Fashion: The history of... Lipstick - Lip-smacking good

BUYING A lipstick is the cheapest way to own a designer brand name, with Chanel, Versace and Dior all putting their names to luxurious make-up ranges. Decorating the face has been practised throughout the history of mankind by using the stains from plants and minerals or whatever was to hand.

By the Middle Ages lip colour was being used to denote class, something which carried on through to the beginning of the 20th century. Crimson- stained lips were popular during the reign of Elizabeth I and Elizabeth herself painted on cochineal blended with gum arabic, egg white and fig milk.

In the 17th century the church denounced lip painting as altering God's most precious gift and in 1770 Parliament passed a law condemning lipstick as connected with witchcraft, but nothing would deter women from using colour to beautify their faces.

Heavy makeup was not considered socially acceptable in Britain in the 19th century, and towards the 1850s reports were being published warning women of the dangers of using lead and vermillion in cosmetics applied to the face.
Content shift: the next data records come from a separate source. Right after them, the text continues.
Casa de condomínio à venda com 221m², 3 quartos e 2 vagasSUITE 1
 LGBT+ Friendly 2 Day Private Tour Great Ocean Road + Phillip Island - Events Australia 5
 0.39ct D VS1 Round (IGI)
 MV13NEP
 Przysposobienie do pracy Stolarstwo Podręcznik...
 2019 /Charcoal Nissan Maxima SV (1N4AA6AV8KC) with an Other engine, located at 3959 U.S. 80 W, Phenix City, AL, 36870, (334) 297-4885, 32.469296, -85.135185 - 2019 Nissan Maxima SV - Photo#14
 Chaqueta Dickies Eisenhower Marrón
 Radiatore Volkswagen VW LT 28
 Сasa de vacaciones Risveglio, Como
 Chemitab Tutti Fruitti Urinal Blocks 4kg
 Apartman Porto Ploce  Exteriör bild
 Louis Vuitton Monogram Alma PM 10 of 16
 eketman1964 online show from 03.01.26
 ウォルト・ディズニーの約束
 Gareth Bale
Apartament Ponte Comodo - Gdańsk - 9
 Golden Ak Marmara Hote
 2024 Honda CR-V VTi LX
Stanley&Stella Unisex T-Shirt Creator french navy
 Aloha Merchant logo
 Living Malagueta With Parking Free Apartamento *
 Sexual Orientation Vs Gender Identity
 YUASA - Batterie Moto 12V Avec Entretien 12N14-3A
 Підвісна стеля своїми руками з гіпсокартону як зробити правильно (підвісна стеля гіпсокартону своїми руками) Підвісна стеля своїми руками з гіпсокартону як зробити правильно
At the end of that century, French cosmetics company Guerlain were one of the first to create a commercially successful lip rouge; up until then lip colour was made in the home.

Lipstick began to be mass produced at the beginning of the 20th century, when a metal container, similar to the shape used today, was invented by American Maurice Levy in 1915.

Trends in lip colour and shape changed with each new decade and the popularity of lipstick has seen the introduction of other products such as lip gloss - created by Max Factor for Hollywood actresses in 1928 - lip liner and lip balm.

The Nineties have seen major technological advances in lipstick formulation. Ingredients such as Vitamin C, spa water and polymers are included to make lipsticks stay on for longer while moisturising the lips, and every two minutes someone in the UK buys a Rimmel Rich Moisture Lipstick in Heather Shimmer.